Data provided START

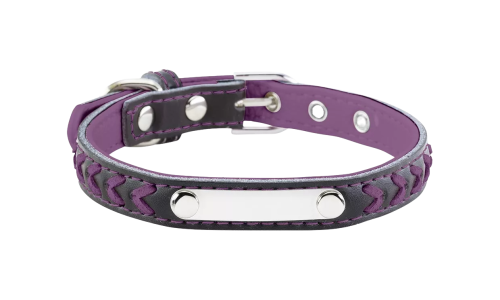 Collier chien tressé violet avec plaque ID intégrée pour gravure, 27-34 cm x 1,5 cm, personnalisable avec nom gravé.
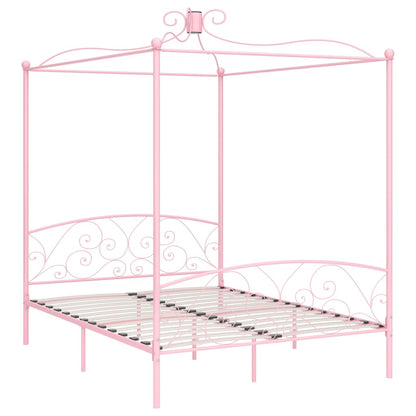 Estrutura de cama com dossel 160x200 cm metal rosa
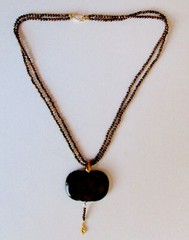 Antique Buffalo Horn Elizabethan Collared Lady & Tiger’s Eye Choker/Necklace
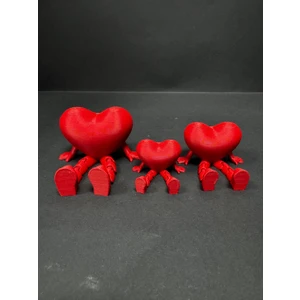 Kalp Figür 3'lü Set– Hareketli Ayaklı 3’lü Dekor Seti- Ofis - Ev Dekorasyon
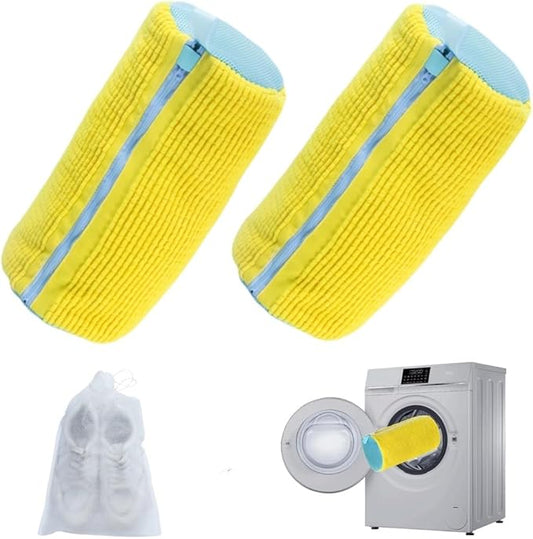 Shoe Washing Machine Bag Laundry Shoe Bag for Washer and Dryer Reusable - 2-Pack Reusable Shoes Cleaning Bags, 360° Deep Clean for Tennis Shoes, Comes with 10 White dust-Proof Storage Bags.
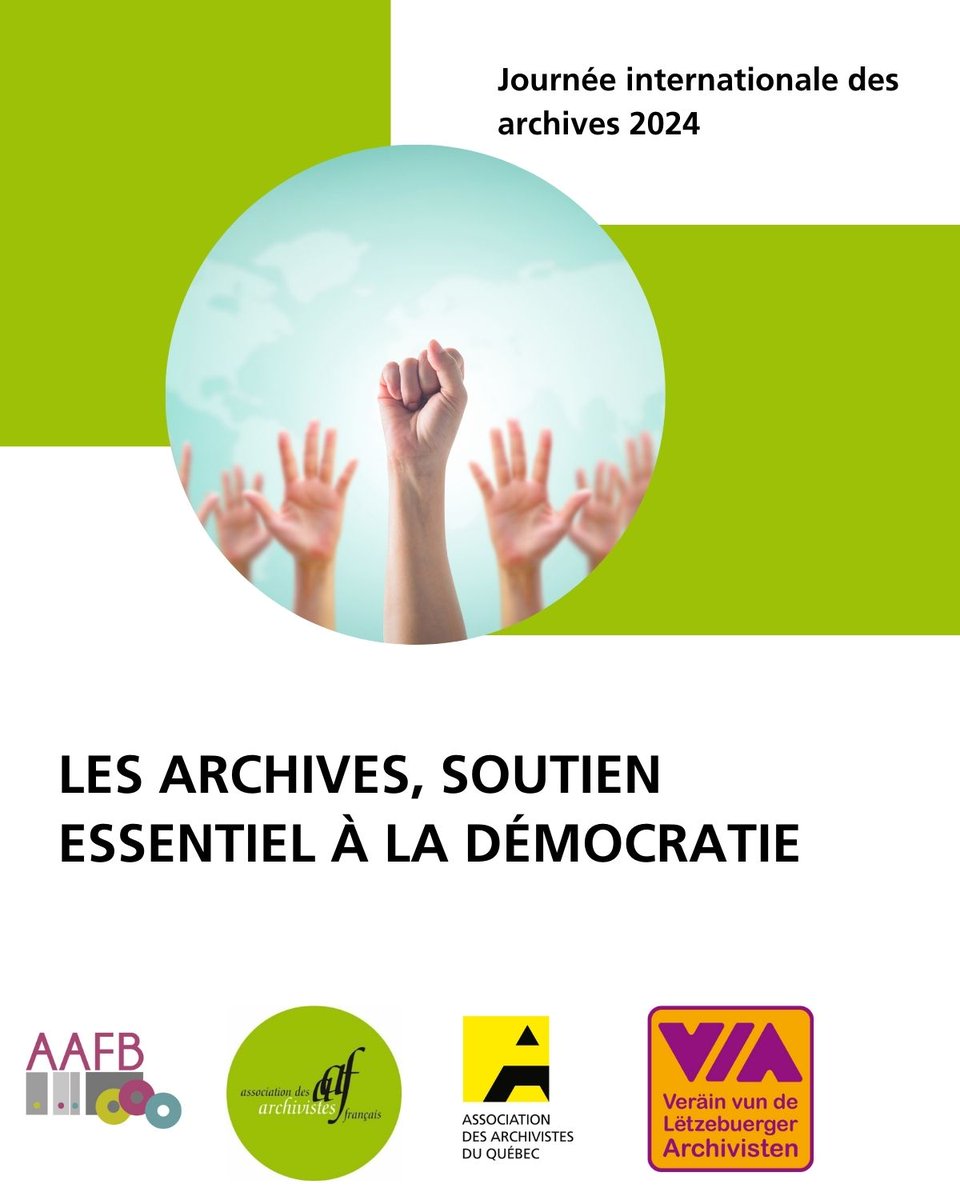 #IAW2024 
Joyeuse Journée Internationale  des Archives !

[Les archives, garantes de la démocratie]
Découvrez l'article rédigé avec l'association des archivistes luxembourgeois, <a href="/archivistesQc/">AAQ</a> et <a href="/Be_Archiviste/">AAFB</a> !

➡ Pour lire l'article en entier : archivistes.org/Journee-intern…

Data provided END

Write out every line above again exactly, with the pictures left out.

 Collier chien tressé violet avec plaque ID intégrée pour gravure, 27-34 cm x 1,5 cm, personnalisable avec nom gravé.
 Estrutura de cama com dossel 160x200 cm metal rosa
 Antique Buffalo Horn Elizabethan Collared Lady & Tiger’s Eye Choker/Necklace
 Kalp Figür 3'lü Set– Hareketli Ayaklı 3’lü Dekor Seti- Ofis - Ev Dekorasyon
 Shoe Washing Machine Bag Laundry Shoe Bag for Washer and Dryer Reusable - 2-Pack Reusable Shoes Cleaning Bags, 360° Deep Clean for Tennis Shoes, Comes with 10 White dust-Proof Storage Bags.
 #IAW2024 
Joyeuse Journée Internationale  des Archives !

[Les archives, garantes de la démocratie]
Découvrez l'article rédigé avec l'association des archivistes luxembourgeois, <a href="/archivistesQc/">AAQ</a> et <a href="/Be_Archiviste/">AAFB</a> !

➡ Pour lire l'article en entier : archivistes.org/Journee-intern…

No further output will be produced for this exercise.